The second area, underground in the sewers, is slightly more calmer, but not before the hulking great Hunter γ creatures appear to ruin your day.
They're supremely ugly, but also slow and ponderous and provided you've saved some shotgun shells, are not all that tricky to fell.
If you wildly shot everything in sight previously and have little to no ammo, well, good luck because you'll need it.
In truth, both sections are a welcome breather from the frantic streets or constant footrace against the Nemesis. But they're far from enjoyable, that's for certain.
After managing to escape the sewers, we're once again sprinting to avoid the Nemesis who's hot on our heels.

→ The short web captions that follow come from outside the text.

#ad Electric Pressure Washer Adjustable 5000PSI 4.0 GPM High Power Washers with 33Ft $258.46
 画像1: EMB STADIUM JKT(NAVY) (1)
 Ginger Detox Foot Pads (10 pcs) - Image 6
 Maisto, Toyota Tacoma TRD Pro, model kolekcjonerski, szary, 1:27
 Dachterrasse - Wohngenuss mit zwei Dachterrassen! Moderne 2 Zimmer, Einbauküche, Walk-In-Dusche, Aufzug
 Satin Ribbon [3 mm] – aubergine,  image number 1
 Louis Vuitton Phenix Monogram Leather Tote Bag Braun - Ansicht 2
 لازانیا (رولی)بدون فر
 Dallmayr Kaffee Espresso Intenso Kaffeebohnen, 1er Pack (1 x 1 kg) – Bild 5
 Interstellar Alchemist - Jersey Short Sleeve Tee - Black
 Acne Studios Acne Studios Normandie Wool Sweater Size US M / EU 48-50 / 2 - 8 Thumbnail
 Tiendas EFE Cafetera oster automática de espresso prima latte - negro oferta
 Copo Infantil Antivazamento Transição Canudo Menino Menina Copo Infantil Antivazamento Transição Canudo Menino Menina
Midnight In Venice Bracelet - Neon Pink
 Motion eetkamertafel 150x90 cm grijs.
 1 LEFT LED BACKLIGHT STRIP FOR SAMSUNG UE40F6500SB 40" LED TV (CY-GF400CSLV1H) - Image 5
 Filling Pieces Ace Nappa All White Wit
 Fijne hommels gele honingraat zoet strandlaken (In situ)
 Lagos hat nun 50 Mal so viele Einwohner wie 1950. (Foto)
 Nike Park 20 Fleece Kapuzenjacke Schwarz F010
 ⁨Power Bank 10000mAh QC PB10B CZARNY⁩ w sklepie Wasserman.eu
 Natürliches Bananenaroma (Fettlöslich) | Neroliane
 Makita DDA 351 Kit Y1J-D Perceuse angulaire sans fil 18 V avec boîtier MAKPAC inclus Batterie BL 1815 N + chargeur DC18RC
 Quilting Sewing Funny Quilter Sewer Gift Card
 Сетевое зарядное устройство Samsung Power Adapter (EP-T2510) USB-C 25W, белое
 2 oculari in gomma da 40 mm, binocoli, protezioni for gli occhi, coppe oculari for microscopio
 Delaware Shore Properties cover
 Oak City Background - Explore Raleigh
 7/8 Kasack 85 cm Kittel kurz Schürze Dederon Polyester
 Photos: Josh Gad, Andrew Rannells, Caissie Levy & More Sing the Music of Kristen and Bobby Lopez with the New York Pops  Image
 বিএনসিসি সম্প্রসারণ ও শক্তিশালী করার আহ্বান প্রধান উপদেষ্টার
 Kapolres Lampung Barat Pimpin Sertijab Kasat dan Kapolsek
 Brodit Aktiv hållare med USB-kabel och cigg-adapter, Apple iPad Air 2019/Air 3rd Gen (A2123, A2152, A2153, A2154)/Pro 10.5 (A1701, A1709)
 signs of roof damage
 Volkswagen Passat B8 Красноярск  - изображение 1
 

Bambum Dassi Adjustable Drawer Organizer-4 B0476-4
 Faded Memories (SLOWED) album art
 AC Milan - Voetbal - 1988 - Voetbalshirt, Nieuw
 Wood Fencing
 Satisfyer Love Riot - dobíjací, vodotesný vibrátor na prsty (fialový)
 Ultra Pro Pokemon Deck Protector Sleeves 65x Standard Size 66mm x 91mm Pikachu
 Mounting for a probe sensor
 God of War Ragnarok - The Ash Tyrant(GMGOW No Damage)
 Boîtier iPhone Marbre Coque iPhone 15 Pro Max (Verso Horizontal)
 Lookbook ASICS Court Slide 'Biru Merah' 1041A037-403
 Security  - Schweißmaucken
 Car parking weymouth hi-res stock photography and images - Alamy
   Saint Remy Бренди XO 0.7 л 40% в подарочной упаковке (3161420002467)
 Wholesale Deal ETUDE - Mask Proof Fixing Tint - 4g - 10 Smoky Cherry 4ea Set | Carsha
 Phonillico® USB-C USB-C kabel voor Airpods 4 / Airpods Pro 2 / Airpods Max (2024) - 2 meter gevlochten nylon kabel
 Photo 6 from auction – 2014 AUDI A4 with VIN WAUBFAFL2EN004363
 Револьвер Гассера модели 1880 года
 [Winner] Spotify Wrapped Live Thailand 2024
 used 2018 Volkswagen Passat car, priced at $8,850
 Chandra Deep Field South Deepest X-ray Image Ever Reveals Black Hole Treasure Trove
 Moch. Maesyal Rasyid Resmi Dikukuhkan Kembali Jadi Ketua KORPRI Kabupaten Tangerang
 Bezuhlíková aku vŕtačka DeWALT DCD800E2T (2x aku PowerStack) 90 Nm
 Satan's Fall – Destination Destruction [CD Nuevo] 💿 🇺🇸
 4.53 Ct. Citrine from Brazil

Our playthrough came to a close with one final confrontation with the Nemesis, who manages to chase Clair up some sort of building site before a dramatic 1 v 1 on the roof.
It's only here where our time and enjoyment with Resident Evil 3 starts to wane ever so slightly, with the boss battle feeling every bit the atypical 90's boss battle we'd hope the game might have moved on from.
Of course, health, ammo and more is scattered across the roof. Naturally, there are two convenient stacks of crates to provide some separation between yourself and the monster so you can get off some potshots.
Yet after a fabulous few hours with the game, full of fear, trepidation, scares and sheer terror at what might grab you next, the final clash – at least for this section of the game – felt a little underwhelming.
Maybe that's the nature of bullet sponge bosses like the Nemesis. Brutal creations built to take a beating. But it's a somewhat sour – and brief – note to an otherwise fantastic recreation of the game from the late '90s.
Is it enough to put us off the game entirely? Certainly not.
Knowing that our gung ho approach and countless grenade launcher rounds still won't have finished the job, we simply can’t wait for the full release to see how the rest of the game pans out; and test ourselves against the Nemesis all over again.